- **What needs to be done**
Copy all entries verbatim and keep any pictures out of the copy.

(Web page caption snippets)

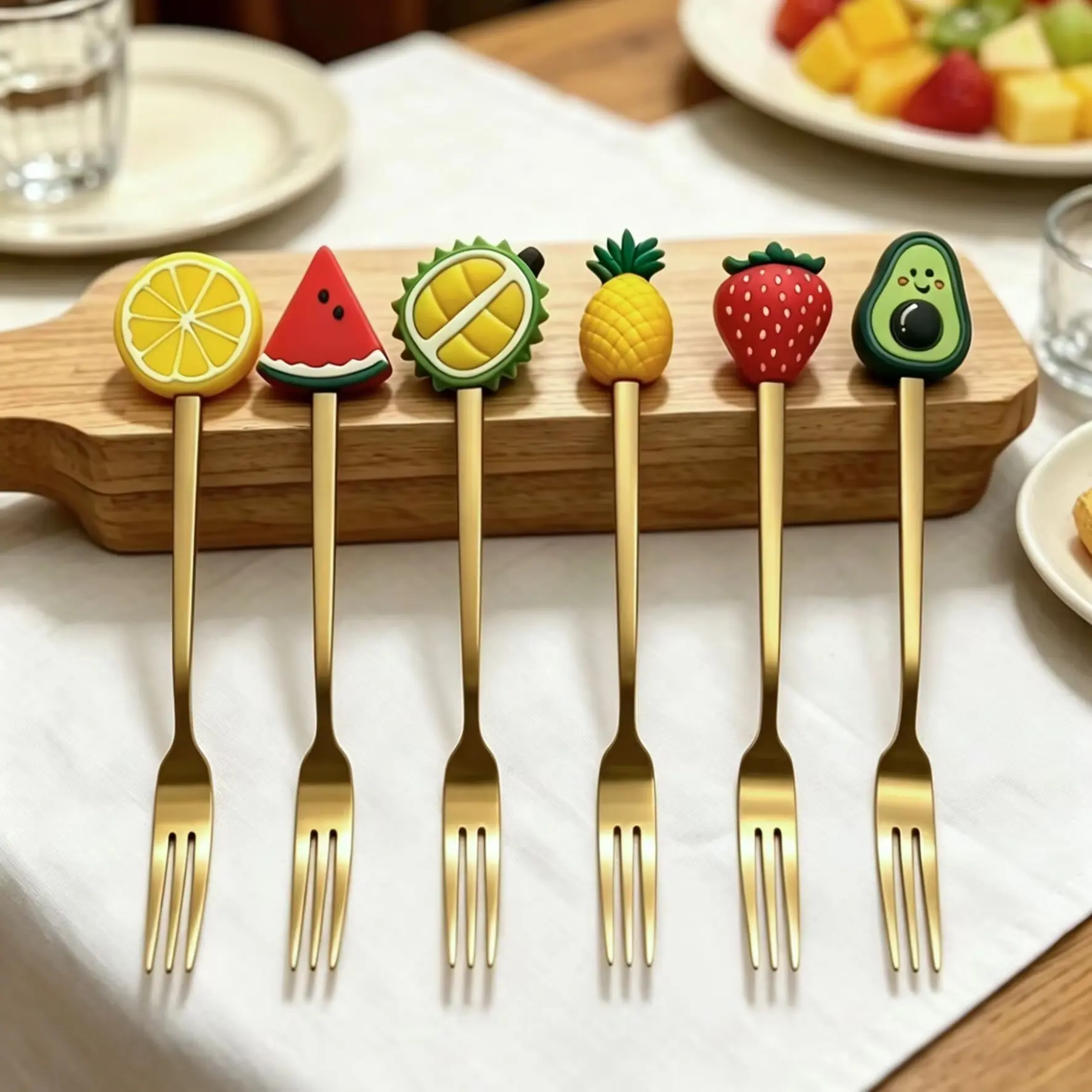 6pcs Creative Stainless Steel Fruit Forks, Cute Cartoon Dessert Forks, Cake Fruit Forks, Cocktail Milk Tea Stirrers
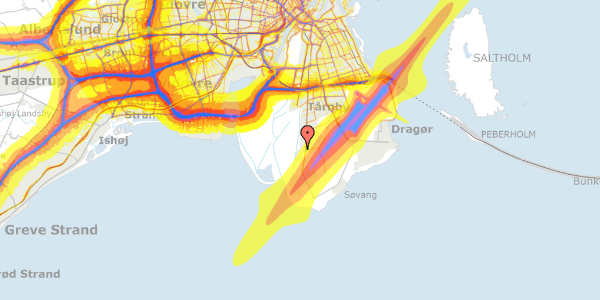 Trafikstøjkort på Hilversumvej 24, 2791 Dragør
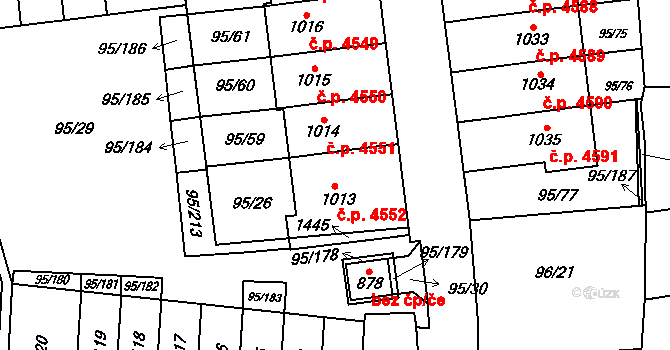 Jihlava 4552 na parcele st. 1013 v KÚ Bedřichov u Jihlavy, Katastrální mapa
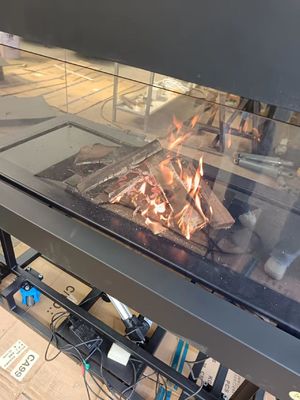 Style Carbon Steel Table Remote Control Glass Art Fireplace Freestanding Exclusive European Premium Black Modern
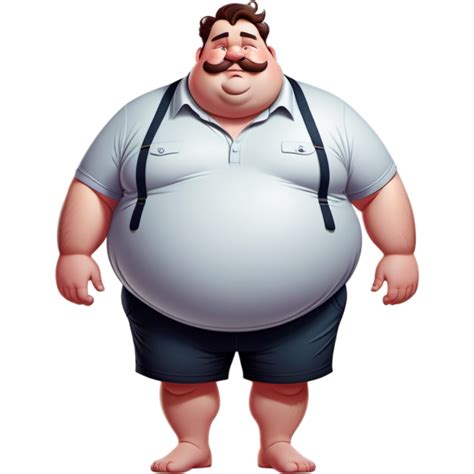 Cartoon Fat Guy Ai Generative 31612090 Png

- **Solution for this task**
 6pcs Creative Stainless Steel Fruit Forks, Cute Cartoon Dessert Forks, Cake Fruit Forks, Cocktail Milk Tea Stirrers
 Trafikstøjkort på Hilversumvej 24, 2791 Dragør
 Jihlava 4552 na parcele st. 1013 v KÚ Bedřichov u Jihlavy, Katastrální mapa
 Style Carbon Steel Table Remote Control Glass Art Fireplace Freestanding Exclusive European Premium Black Modern
 Cartoon Fat Guy Ai Generative 31612090 Png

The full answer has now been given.